Wednesday, June 4, 2014

In "The Stranger," how does a specific death scene helps to illuminate the meaning of the work as a whole?

Camus' "The Stranger" begins with a specific death, the death of the narrator, Meursault's, mother:



"Mother died today. Or maybe yesterday, I don't know. I had a telegram from the home: 'Mother passed away. Funeral tomorrow. Yours sincerely.' That doesn't mean anything. It may have happened yesterday."



From this point onward we learn about Meursault and the world he lives in. And as we read, we are at first shocked by what seems to be the cold, uncaring, un-remorseful, and indifferent way that he reacts to his mother's death. It seems that he reacts without reacting. What's going on here? Didn't the man love his mother? How can he be so blah about her death? As matter-of-fact as a telegram?

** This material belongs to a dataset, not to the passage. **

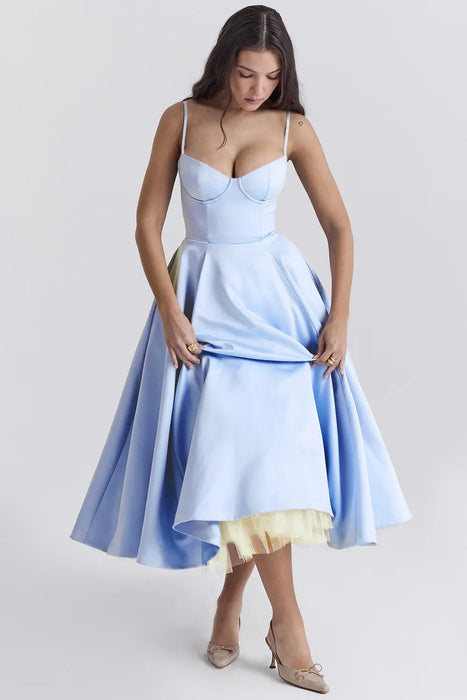 Baby Blue A-Line Vintage Style Temperament Dress On Sale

But, that's the point. It's not that he doesn't care about her death; he doesn't act on or feel anything that he doesn't really feel, and he refuses to act the way others would want him to or expect him to act. He lives in completely honesty with himself and does not act or feel out of any obligation to others. He is true to himself, and that is all that matters to him.


You may not like or approve of a person who is unmoved by his own mother's death, but your judgment is of no meaning or consequence to him. The whole novel is a variation and support of this theme.